Segment Open
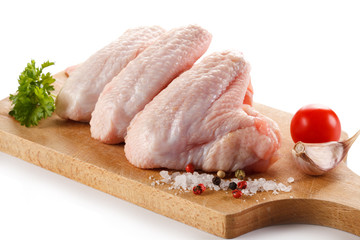 Raw chicken wings on cutting board on white background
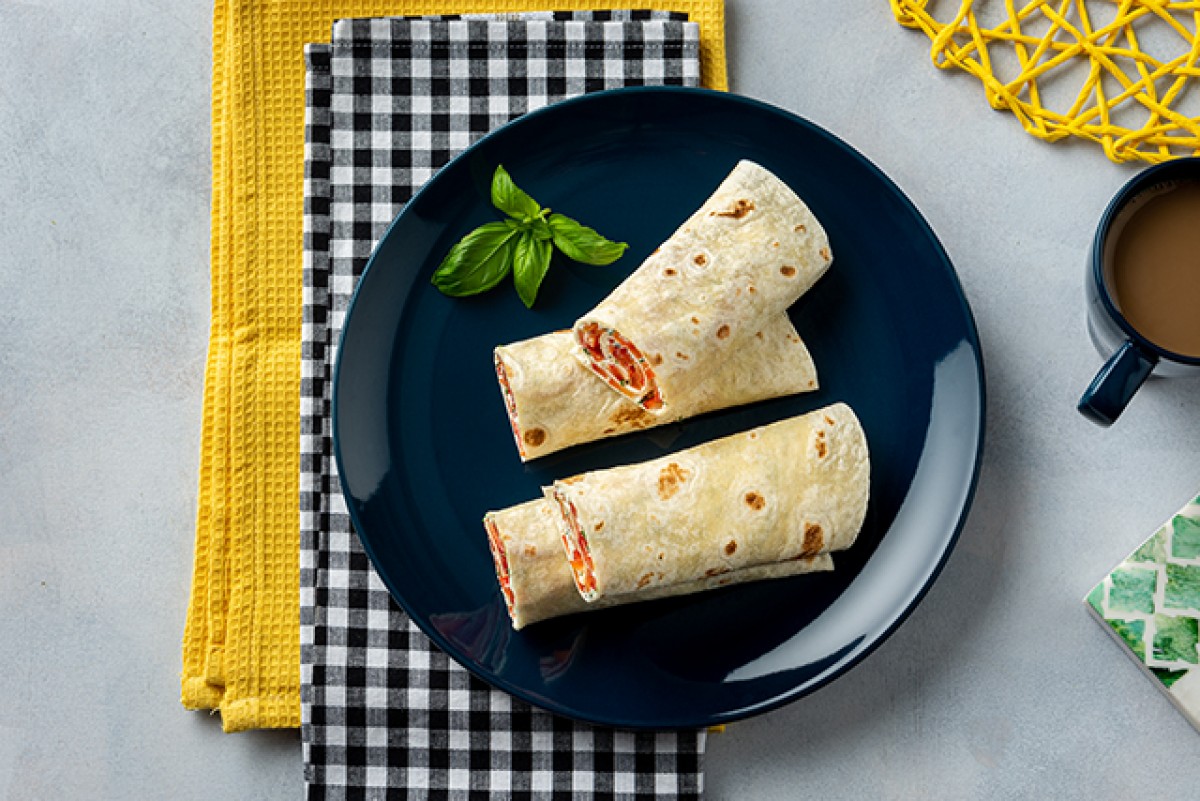 Tortilla with peppers and basil cheese
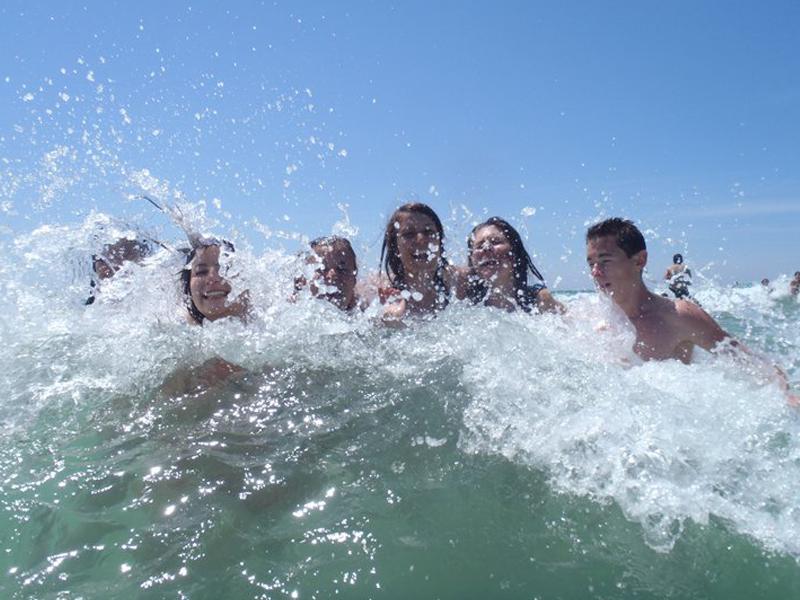 Groupe d'enfants et ados se baignant à l'océan en colonie de vacances été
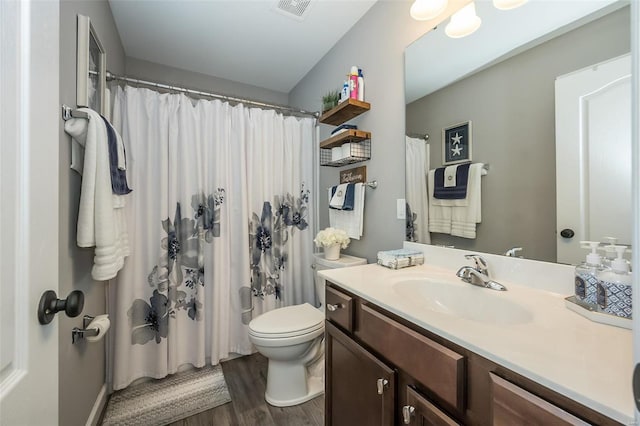 bathroom featuring vanity, curtained shower, wood-type flooring, and toilet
Segment Closed
| Problem requirements |
Each line from the line containing "Groupe d'enfants et" through the final line of the data above must be retyped exactly; nothing else, and no pictures, may appear.

| Your response |
 Groupe d'enfants et ados se baignant à l'océan en colonie de vacances été
 bathroom featuring vanity, curtained shower, wood-type flooring, and toilet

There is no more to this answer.